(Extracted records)
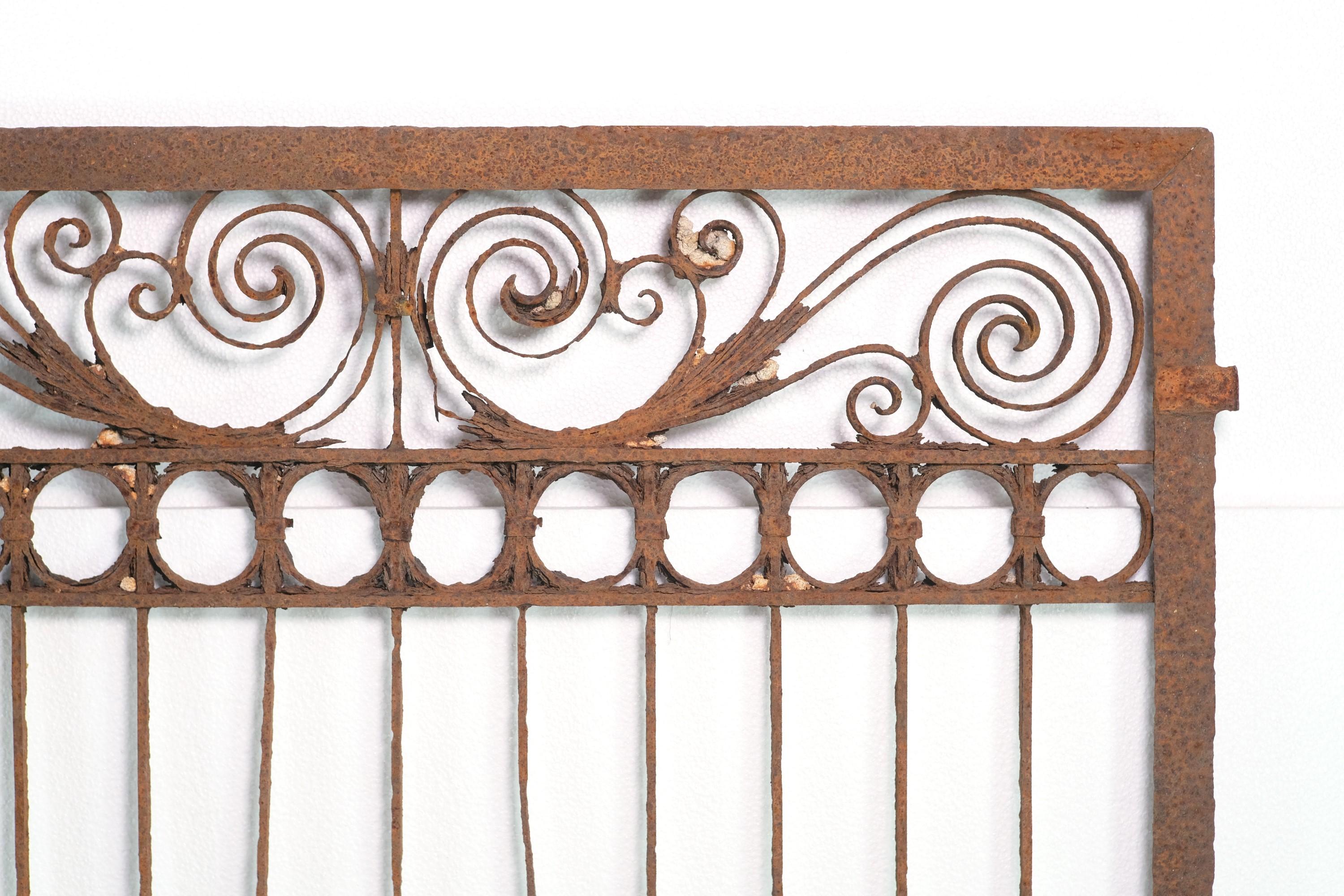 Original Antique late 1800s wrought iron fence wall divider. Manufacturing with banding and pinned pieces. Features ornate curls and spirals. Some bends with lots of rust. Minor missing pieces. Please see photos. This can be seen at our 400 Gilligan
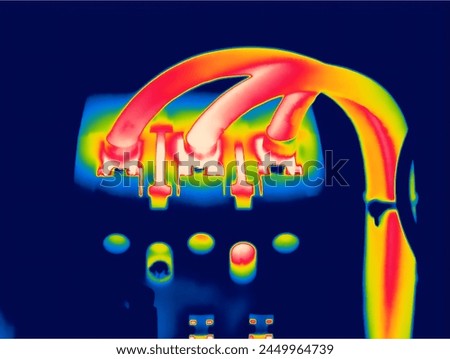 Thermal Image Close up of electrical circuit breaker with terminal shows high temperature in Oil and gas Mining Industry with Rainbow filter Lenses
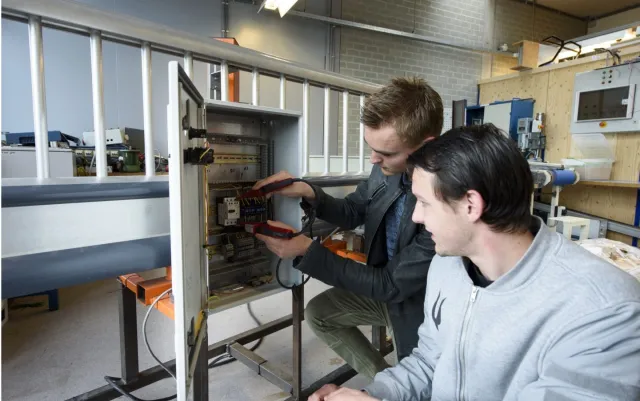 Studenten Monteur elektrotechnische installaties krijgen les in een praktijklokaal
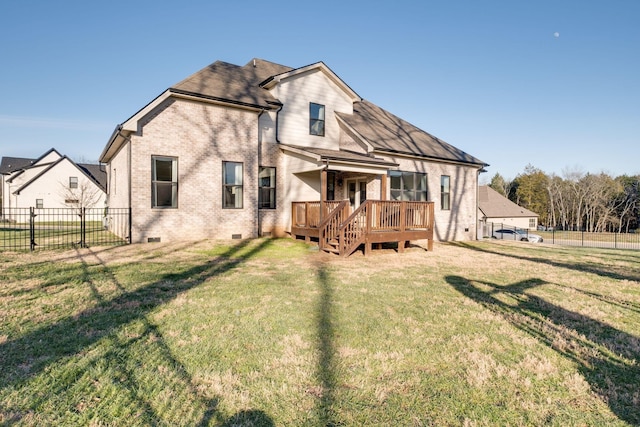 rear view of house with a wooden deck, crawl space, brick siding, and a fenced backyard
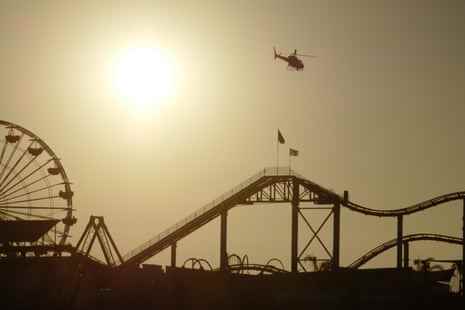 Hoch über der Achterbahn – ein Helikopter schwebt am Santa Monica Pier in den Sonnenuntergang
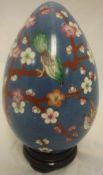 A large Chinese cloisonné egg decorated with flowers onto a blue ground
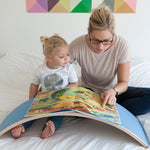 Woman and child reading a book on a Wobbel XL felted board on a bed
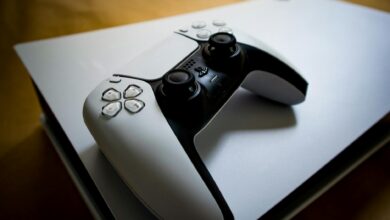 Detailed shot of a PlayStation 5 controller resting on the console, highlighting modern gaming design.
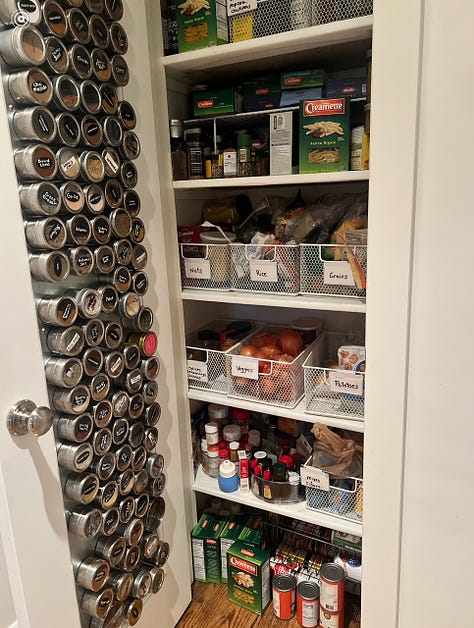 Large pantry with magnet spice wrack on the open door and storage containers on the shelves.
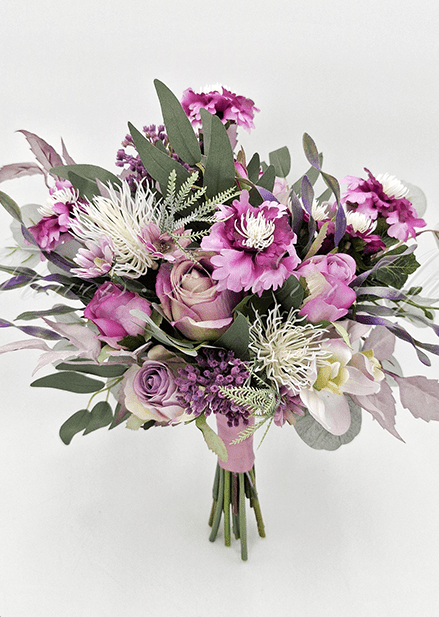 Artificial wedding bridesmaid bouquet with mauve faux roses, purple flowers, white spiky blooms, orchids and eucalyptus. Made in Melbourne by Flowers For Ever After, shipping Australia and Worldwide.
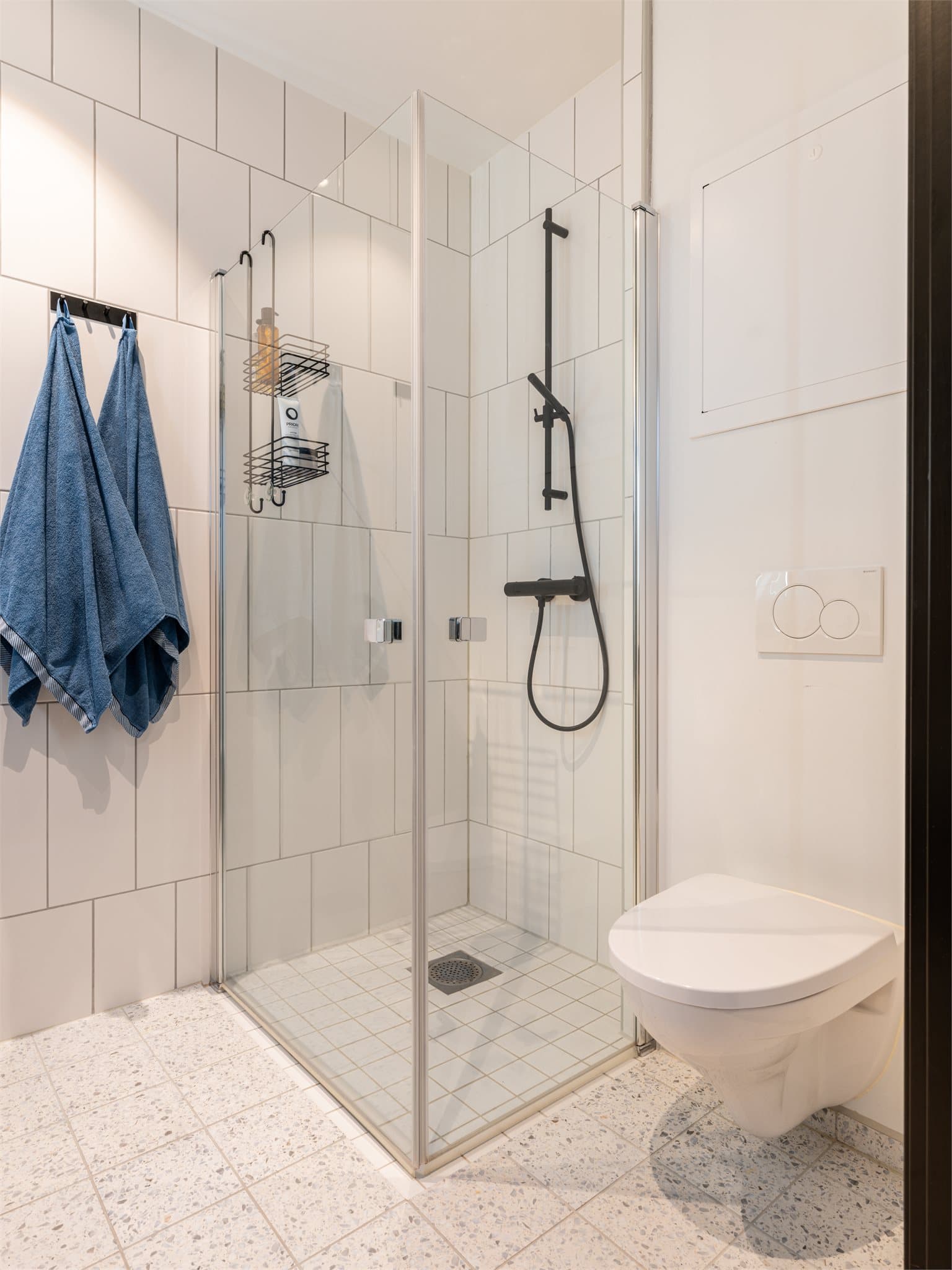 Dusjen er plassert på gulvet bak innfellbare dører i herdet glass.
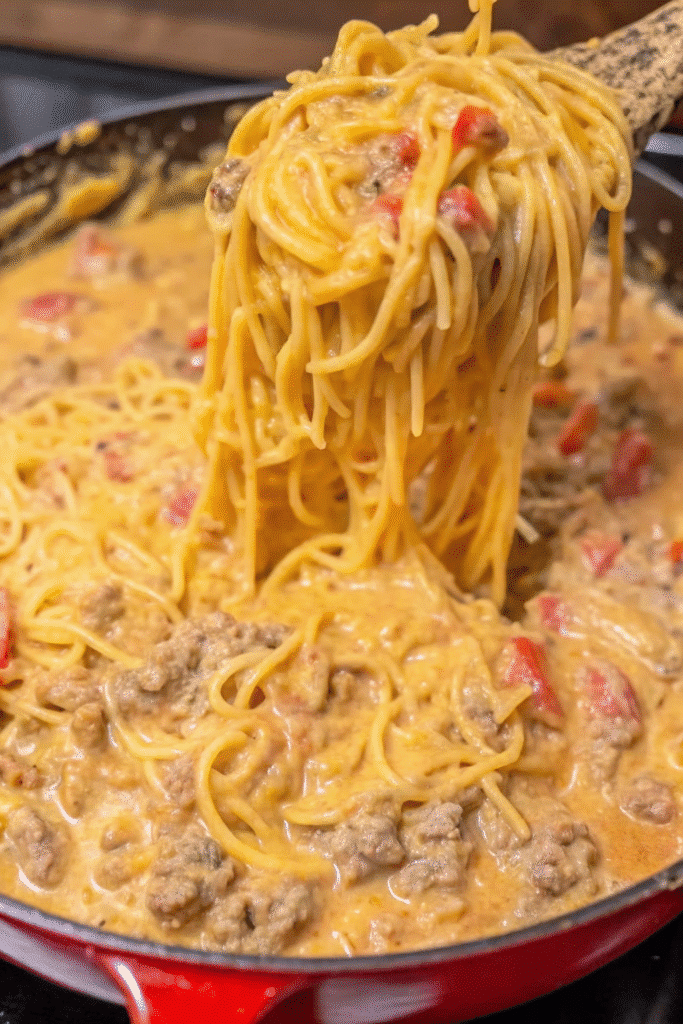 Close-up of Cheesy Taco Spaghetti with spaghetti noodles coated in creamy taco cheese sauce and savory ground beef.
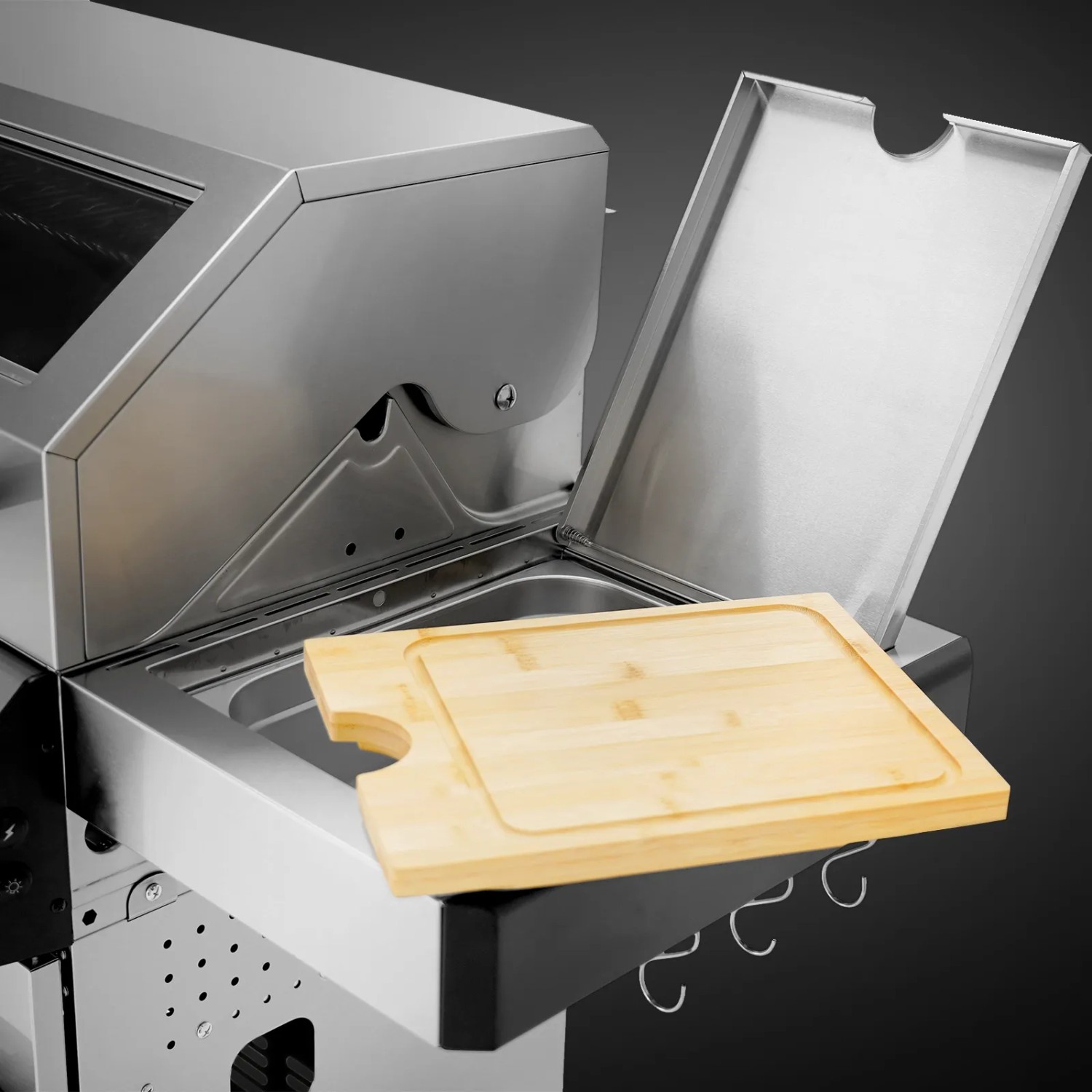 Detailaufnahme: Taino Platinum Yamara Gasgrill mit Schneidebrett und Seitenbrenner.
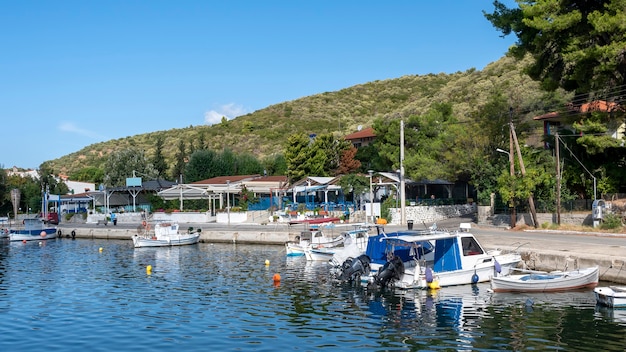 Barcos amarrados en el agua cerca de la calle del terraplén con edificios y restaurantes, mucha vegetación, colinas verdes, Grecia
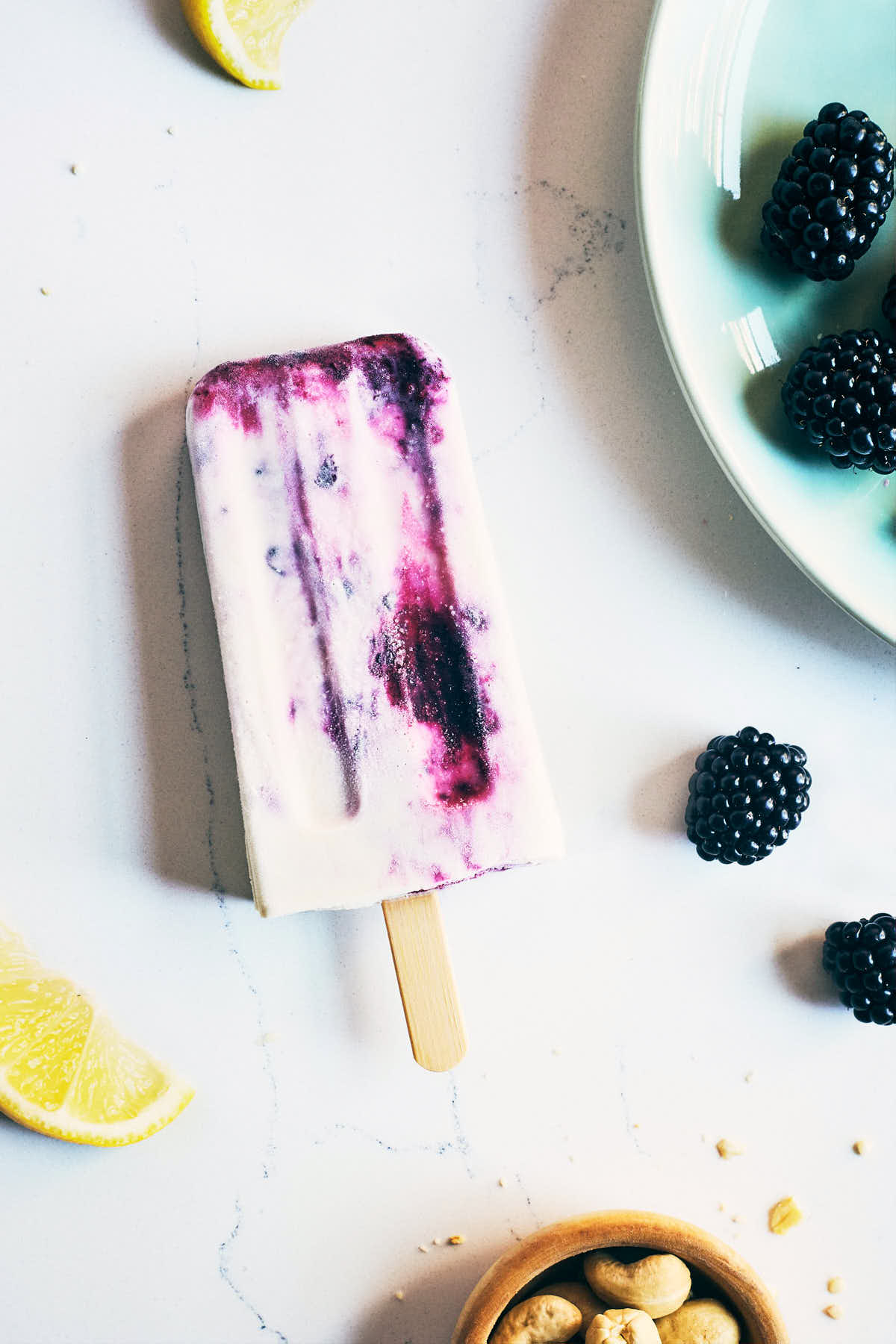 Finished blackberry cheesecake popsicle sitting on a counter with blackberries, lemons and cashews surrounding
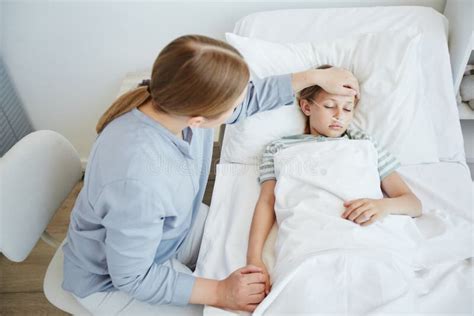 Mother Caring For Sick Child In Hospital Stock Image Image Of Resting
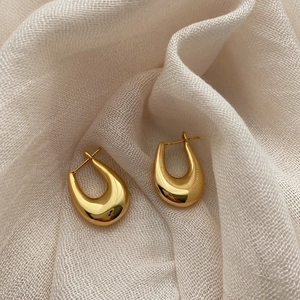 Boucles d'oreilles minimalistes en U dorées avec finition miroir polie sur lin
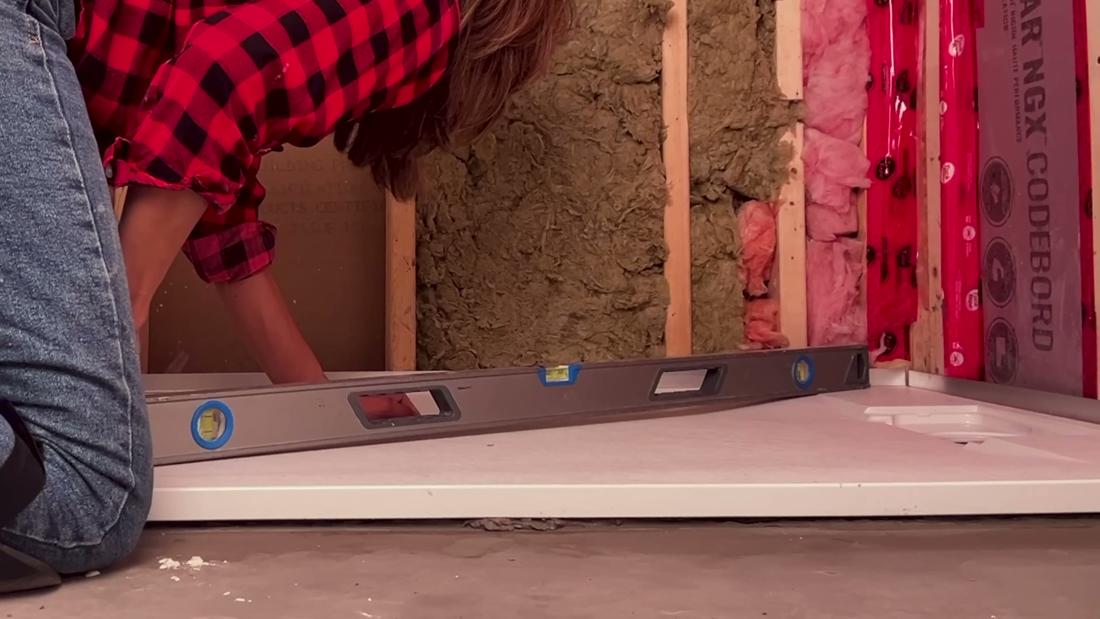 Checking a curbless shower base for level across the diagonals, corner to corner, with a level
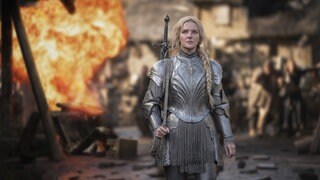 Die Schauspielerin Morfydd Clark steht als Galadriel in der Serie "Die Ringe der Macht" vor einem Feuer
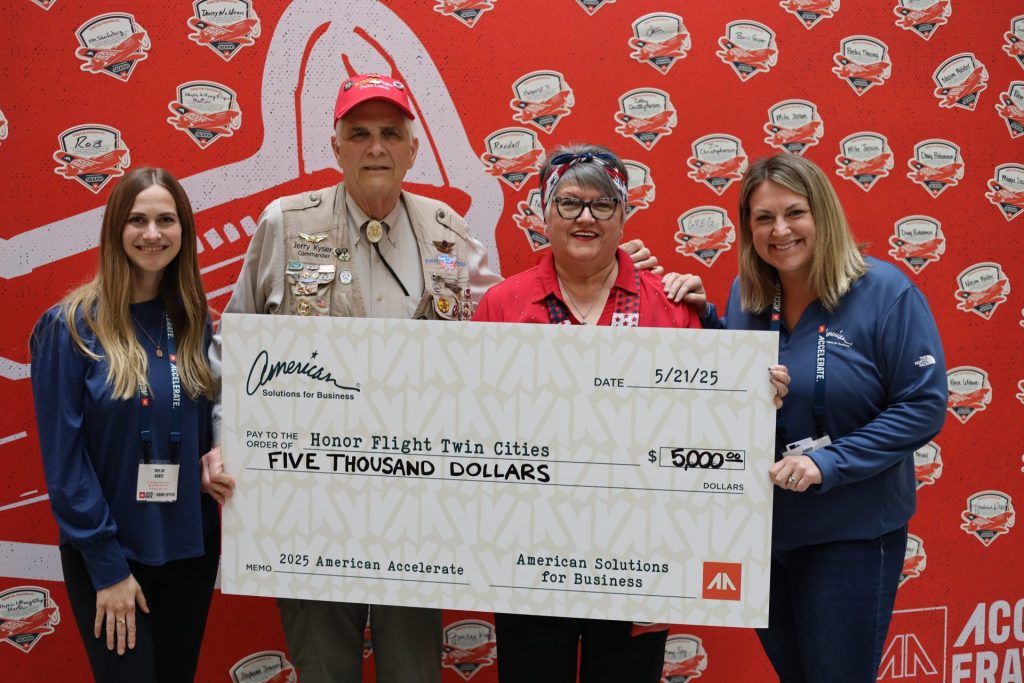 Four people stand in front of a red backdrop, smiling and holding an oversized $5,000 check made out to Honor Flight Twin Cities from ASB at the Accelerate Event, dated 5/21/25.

Exercise objective — Your answer should consist of the lines above between those holding "A large Chinese" and "Large pantry with", inclusive, reproduced word for word and without pictures.

Exercise result —
 A large Chinese cloisonné egg decorated with flowers onto a blue ground
 Woman and child reading a book on a Wobbel XL felted board on a bed
 Detailed shot of a PlayStation 5 controller resting on the console, highlighting modern gaming design.
 Large pantry with magnet spice wrack on the open door and storage containers on the shelves.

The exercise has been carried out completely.